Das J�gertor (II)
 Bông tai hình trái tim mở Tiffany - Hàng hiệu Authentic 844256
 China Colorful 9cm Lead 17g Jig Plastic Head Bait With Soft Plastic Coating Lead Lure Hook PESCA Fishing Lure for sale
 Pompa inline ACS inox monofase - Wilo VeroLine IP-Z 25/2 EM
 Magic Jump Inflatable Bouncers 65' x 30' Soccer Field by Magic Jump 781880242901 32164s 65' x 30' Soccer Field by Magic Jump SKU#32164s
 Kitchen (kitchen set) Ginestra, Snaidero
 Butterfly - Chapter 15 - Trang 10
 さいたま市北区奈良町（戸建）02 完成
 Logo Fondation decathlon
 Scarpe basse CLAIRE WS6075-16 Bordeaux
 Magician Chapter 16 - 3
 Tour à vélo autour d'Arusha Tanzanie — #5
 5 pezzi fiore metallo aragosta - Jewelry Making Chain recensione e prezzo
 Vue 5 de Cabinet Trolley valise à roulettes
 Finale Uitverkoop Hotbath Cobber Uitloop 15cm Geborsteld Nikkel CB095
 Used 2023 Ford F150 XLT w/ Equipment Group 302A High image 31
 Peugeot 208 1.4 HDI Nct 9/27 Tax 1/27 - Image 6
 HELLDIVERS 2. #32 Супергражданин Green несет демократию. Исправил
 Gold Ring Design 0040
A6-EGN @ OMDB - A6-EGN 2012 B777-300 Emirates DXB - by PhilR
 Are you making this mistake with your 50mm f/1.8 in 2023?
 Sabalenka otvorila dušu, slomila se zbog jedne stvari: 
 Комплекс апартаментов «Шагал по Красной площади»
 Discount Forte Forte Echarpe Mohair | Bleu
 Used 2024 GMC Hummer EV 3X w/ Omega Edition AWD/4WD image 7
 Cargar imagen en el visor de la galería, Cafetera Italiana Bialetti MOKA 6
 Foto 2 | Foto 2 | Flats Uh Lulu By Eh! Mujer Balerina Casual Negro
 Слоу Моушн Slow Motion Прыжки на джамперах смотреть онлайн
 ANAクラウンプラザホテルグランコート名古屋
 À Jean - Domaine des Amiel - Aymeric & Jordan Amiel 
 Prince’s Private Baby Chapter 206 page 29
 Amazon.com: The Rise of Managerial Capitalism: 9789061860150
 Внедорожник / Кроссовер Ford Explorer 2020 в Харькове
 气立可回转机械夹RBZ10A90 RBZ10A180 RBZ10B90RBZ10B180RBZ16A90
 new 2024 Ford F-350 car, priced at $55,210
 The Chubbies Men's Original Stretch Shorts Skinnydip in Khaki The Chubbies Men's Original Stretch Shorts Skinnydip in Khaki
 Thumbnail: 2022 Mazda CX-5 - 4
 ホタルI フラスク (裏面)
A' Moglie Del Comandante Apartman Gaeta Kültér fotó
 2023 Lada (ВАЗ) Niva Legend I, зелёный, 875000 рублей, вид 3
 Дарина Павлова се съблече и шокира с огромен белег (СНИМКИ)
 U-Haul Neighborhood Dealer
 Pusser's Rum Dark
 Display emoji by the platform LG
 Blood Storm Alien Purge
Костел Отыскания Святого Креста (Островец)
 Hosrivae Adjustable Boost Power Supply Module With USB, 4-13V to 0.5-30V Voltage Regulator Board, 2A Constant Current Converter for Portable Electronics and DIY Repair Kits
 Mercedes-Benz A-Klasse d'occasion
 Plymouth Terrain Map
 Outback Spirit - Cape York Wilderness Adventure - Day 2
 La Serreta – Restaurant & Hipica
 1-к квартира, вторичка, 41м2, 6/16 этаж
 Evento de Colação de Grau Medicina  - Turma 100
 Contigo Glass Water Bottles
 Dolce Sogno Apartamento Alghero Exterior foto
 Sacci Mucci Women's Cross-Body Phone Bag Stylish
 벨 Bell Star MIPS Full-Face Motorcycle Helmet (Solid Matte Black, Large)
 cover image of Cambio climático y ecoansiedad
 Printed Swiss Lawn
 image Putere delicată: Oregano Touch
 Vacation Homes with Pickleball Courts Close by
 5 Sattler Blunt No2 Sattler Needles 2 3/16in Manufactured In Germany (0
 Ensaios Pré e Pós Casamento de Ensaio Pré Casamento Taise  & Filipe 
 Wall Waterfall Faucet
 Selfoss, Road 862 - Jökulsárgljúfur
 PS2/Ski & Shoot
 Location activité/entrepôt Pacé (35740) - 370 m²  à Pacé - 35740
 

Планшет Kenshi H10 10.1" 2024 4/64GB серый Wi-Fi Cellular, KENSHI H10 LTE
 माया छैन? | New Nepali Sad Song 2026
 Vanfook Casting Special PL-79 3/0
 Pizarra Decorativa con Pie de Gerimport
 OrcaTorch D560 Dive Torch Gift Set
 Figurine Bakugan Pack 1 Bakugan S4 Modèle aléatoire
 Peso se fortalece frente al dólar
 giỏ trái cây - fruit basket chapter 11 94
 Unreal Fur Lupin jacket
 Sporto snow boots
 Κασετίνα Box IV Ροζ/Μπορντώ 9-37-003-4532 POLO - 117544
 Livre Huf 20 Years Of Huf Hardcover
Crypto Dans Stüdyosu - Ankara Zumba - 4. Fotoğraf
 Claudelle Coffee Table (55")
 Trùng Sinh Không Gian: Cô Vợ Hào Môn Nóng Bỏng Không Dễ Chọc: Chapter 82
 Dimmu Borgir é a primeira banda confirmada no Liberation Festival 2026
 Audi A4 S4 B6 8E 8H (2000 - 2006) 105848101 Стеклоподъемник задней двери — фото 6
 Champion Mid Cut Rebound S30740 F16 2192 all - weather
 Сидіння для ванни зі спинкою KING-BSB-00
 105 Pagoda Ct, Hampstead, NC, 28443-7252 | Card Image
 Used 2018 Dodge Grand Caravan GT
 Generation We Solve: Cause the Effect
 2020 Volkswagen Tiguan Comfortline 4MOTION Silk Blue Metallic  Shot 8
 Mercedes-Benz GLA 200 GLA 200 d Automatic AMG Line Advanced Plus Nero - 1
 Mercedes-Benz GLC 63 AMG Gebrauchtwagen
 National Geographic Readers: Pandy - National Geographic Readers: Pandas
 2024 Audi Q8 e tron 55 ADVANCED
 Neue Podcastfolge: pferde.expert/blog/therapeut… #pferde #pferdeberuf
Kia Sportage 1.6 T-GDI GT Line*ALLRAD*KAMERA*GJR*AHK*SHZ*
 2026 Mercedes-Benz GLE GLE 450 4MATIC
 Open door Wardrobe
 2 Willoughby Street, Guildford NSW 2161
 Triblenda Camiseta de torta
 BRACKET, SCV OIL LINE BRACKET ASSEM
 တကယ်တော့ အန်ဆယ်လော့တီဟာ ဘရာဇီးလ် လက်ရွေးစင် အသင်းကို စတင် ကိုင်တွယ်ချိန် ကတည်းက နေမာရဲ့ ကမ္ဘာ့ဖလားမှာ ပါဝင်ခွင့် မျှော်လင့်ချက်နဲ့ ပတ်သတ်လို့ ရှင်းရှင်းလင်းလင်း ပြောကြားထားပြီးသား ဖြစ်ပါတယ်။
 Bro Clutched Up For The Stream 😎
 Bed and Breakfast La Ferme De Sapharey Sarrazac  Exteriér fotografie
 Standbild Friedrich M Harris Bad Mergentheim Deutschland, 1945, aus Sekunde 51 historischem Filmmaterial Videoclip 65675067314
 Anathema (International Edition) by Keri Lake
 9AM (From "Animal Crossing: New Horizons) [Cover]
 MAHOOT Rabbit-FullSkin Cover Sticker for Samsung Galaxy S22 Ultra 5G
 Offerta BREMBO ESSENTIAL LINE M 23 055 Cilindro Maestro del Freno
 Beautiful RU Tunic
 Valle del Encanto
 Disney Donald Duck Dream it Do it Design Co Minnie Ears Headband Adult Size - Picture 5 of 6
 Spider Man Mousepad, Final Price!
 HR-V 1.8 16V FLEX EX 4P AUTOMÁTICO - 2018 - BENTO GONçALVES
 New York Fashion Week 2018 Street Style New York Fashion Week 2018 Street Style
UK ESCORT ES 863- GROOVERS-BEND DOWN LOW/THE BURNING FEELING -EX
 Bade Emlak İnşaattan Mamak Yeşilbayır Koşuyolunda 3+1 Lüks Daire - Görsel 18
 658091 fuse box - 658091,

******

- [EXERCISE DESCRIPTION]: All that is wanted is an exact copy of the lines above from the one with "A' Moglie Del" through the one with "Audi A4 S4 B6", with both ends included.

- [RESULT OF THE TASK]:
A' Moglie Del Comandante Apartman Gaeta Kültér fotó
 2023 Lada (ВАЗ) Niva Legend I, зелёный, 875000 рублей, вид 3
 Дарина Павлова се съблече и шокира с огромен белег (СНИМКИ)
 U-Haul Neighborhood Dealer
 Pusser's Rum Dark
 Display emoji by the platform LG
 Blood Storm Alien Purge
Костел Отыскания Святого Креста (Островец)
 Hosrivae Adjustable Boost Power Supply Module With USB, 4-13V to 0.5-30V Voltage Regulator Board, 2A Constant Current Converter for Portable Electronics and DIY Repair Kits
 Mercedes-Benz A-Klasse d'occasion
 Plymouth Terrain Map
 Outback Spirit - Cape York Wilderness Adventure - Day 2
 La Serreta – Restaurant & Hipica
 1-к квартира, вторичка, 41м2, 6/16 этаж
 Evento de Colação de Grau Medicina  - Turma 100
 Contigo Glass Water Bottles
 Dolce Sogno Apartamento Alghero Exterior foto
 Sacci Mucci Women's Cross-Body Phone Bag Stylish
 벨 Bell Star MIPS Full-Face Motorcycle Helmet (Solid Matte Black, Large)
 cover image of Cambio climático y ecoansiedad
 Printed Swiss Lawn
 image Putere delicată: Oregano Touch
 Vacation Homes with Pickleball Courts Close by
 5 Sattler Blunt No2 Sattler Needles 2 3/16in Manufactured In Germany (0
 Ensaios Pré e Pós Casamento de Ensaio Pré Casamento Taise  & Filipe 
 Wall Waterfall Faucet
 Selfoss, Road 862 - Jökulsárgljúfur
 PS2/Ski & Shoot
 Location activité/entrepôt Pacé (35740) - 370 m²  à Pacé - 35740
 

Планшет Kenshi H10 10.1" 2024 4/64GB серый Wi-Fi Cellular, KENSHI H10 LTE
 माया छैन? | New Nepali Sad Song 2026
 Vanfook Casting Special PL-79 3/0
 Pizarra Decorativa con Pie de Gerimport
 OrcaTorch D560 Dive Torch Gift Set
 Figurine Bakugan Pack 1 Bakugan S4 Modèle aléatoire
 Peso se fortalece frente al dólar
 giỏ trái cây - fruit basket chapter 11 94
 Unreal Fur Lupin jacket
 Sporto snow boots
 Κασετίνα Box IV Ροζ/Μπορντώ 9-37-003-4532 POLO - 117544
 Livre Huf 20 Years Of Huf Hardcover
Crypto Dans Stüdyosu - Ankara Zumba - 4. Fotoğraf
 Claudelle Coffee Table (55")
 Trùng Sinh Không Gian: Cô Vợ Hào Môn Nóng Bỏng Không Dễ Chọc: Chapter 82
 Dimmu Borgir é a primeira banda confirmada no Liberation Festival 2026
 Audi A4 S4 B6 8E 8H (2000 - 2006) 105848101 Стеклоподъемник задней двери — фото 6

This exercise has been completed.